Stored data entries:
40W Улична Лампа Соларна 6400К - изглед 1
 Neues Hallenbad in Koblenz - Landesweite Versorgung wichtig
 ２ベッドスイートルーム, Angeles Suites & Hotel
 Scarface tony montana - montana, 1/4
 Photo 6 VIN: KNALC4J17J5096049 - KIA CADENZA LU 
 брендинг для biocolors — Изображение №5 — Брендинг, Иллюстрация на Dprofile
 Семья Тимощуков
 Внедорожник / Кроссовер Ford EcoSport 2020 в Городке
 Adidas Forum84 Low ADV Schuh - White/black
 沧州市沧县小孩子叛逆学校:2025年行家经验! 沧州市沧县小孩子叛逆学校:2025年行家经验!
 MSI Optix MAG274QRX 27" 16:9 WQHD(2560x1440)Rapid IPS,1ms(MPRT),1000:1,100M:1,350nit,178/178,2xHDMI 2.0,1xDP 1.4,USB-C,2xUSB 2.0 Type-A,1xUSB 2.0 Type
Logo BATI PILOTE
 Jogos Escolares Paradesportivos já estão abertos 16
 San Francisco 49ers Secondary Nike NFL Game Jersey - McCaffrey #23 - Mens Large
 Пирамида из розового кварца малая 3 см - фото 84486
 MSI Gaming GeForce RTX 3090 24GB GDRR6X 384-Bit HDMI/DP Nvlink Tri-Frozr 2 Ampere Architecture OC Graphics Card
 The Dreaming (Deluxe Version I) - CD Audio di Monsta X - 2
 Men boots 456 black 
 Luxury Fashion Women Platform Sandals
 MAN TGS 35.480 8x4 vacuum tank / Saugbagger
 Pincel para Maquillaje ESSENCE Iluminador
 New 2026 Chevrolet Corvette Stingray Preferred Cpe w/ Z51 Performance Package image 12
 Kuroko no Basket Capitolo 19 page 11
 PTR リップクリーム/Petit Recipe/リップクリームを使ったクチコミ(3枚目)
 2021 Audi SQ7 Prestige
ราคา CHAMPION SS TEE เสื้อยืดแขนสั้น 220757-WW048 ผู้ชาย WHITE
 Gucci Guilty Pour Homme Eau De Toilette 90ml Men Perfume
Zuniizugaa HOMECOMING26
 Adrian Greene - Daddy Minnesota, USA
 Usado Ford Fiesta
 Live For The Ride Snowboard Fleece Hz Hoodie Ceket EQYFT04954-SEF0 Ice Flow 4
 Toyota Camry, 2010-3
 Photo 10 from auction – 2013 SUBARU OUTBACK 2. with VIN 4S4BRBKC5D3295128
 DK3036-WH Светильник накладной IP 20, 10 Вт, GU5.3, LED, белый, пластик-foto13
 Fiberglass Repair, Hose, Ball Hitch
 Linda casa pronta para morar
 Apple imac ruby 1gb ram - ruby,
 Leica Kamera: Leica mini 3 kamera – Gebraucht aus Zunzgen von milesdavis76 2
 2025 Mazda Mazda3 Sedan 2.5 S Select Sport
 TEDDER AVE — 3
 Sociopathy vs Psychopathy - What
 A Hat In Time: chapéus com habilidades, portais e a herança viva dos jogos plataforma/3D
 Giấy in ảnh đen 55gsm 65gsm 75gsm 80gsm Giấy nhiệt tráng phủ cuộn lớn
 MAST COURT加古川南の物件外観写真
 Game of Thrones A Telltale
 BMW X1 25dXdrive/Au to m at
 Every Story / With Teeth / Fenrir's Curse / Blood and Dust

# YOUR INSTRUCTIONS:
An exact written copy of every entry is the required answer.

# RESPONSE TO THIS TASK:
40W Улична Лампа Соларна 6400К - изглед 1
 Neues Hallenbad in Koblenz - Landesweite Versorgung wichtig
 ２ベッドスイートルーム, Angeles Suites & Hotel
 Scarface tony montana - montana, 1/4
 Photo 6 VIN: KNALC4J17J5096049 - KIA CADENZA LU 
 брендинг для biocolors — Изображение №5 — Брендинг, Иллюстрация на Dprofile
 Семья Тимощуков
 Внедорожник / Кроссовер Ford EcoSport 2020 в Городке
 Adidas Forum84 Low ADV Schuh - White/black
 沧州市沧县小孩子叛逆学校:2025年行家经验! 沧州市沧县小孩子叛逆学校:2025年行家经验!
 MSI Optix MAG274QRX 27" 16:9 WQHD(2560x1440)Rapid IPS,1ms(MPRT),1000:1,100M:1,350nit,178/178,2xHDMI 2.0,1xDP 1.4,USB-C,2xUSB 2.0 Type-A,1xUSB 2.0 Type
Logo BATI PILOTE
 Jogos Escolares Paradesportivos já estão abertos 16
 San Francisco 49ers Secondary Nike NFL Game Jersey - McCaffrey #23 - Mens Large
 Пирамида из розового кварца малая 3 см - фото 84486
 MSI Gaming GeForce RTX 3090 24GB GDRR6X 384-Bit HDMI/DP Nvlink Tri-Frozr 2 Ampere Architecture OC Graphics Card
 The Dreaming (Deluxe Version I) - CD Audio di Monsta X - 2
 Men boots 456 black 
 Luxury Fashion Women Platform Sandals
 MAN TGS 35.480 8x4 vacuum tank / Saugbagger
 Pincel para Maquillaje ESSENCE Iluminador
 New 2026 Chevrolet Corvette Stingray Preferred Cpe w/ Z51 Performance Package image 12
 Kuroko no Basket Capitolo 19 page 11
 PTR リップクリーム/Petit Recipe/リップクリームを使ったクチコミ(3枚目)
 2021 Audi SQ7 Prestige
ราคา CHAMPION SS TEE เสื้อยืดแขนสั้น 220757-WW048 ผู้ชาย WHITE
 Gucci Guilty Pour Homme Eau De Toilette 90ml Men Perfume
Zuniizugaa HOMECOMING26
 Adrian Greene - Daddy Minnesota, USA
 Usado Ford Fiesta
 Live For The Ride Snowboard Fleece Hz Hoodie Ceket EQYFT04954-SEF0 Ice Flow 4
 Toyota Camry, 2010-3
 Photo 10 from auction – 2013 SUBARU OUTBACK 2. with VIN 4S4BRBKC5D3295128
 DK3036-WH Светильник накладной IP 20, 10 Вт, GU5.3, LED, белый, пластик-foto13
 Fiberglass Repair, Hose, Ball Hitch
 Linda casa pronta para morar
 Apple imac ruby 1gb ram - ruby,
 Leica Kamera: Leica mini 3 kamera – Gebraucht aus Zunzgen von milesdavis76 2
 2025 Mazda Mazda3 Sedan 2.5 S Select Sport
 TEDDER AVE — 3
 Sociopathy vs Psychopathy - What
 A Hat In Time: chapéus com habilidades, portais e a herança viva dos jogos plataforma/3D
 Giấy in ảnh đen 55gsm 65gsm 75gsm 80gsm Giấy nhiệt tráng phủ cuộn lớn
 MAST COURT加古川南の物件外観写真
 Game of Thrones A Telltale
 BMW X1 25dXdrive/Au to m at
 Every Story / With Teeth / Fenrir's Curse / Blood and Dust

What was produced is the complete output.